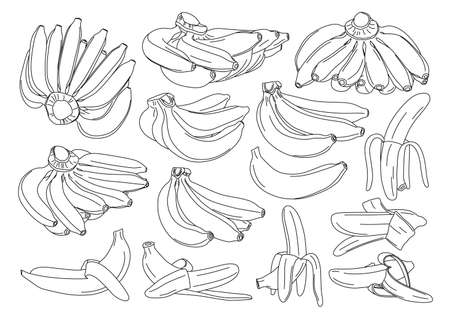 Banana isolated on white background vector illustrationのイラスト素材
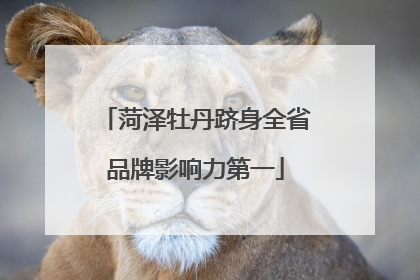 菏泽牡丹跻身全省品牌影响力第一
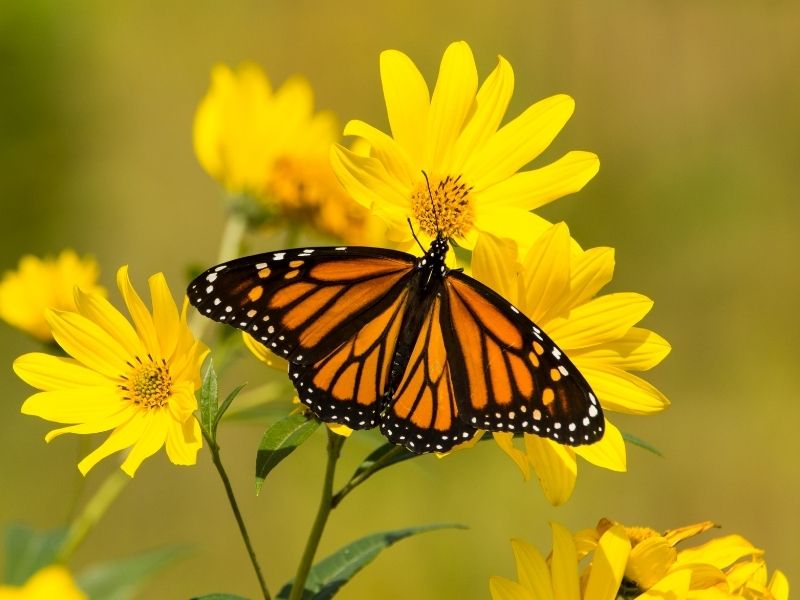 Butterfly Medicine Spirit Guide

==

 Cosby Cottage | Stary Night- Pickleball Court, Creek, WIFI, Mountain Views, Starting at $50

...

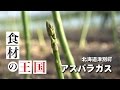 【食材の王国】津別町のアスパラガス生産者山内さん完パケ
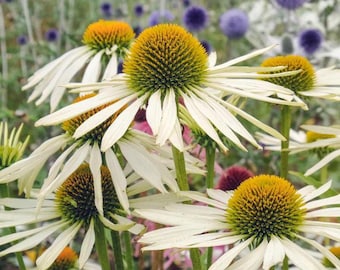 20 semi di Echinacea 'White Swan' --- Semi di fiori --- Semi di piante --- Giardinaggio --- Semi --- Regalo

**Your goal:**
Only the lines above starting with the line with "Banana isolated on" and going on through the line with "Butterfly Medicine Spirit Guide" belong in the answer; repeat them exactly, minus any picture.

**Exercise response:**
 Banana isolated on white background vector illustrationのイラスト素材
 菏泽牡丹跻身全省品牌影响力第一
 Butterfly Medicine Spirit Guide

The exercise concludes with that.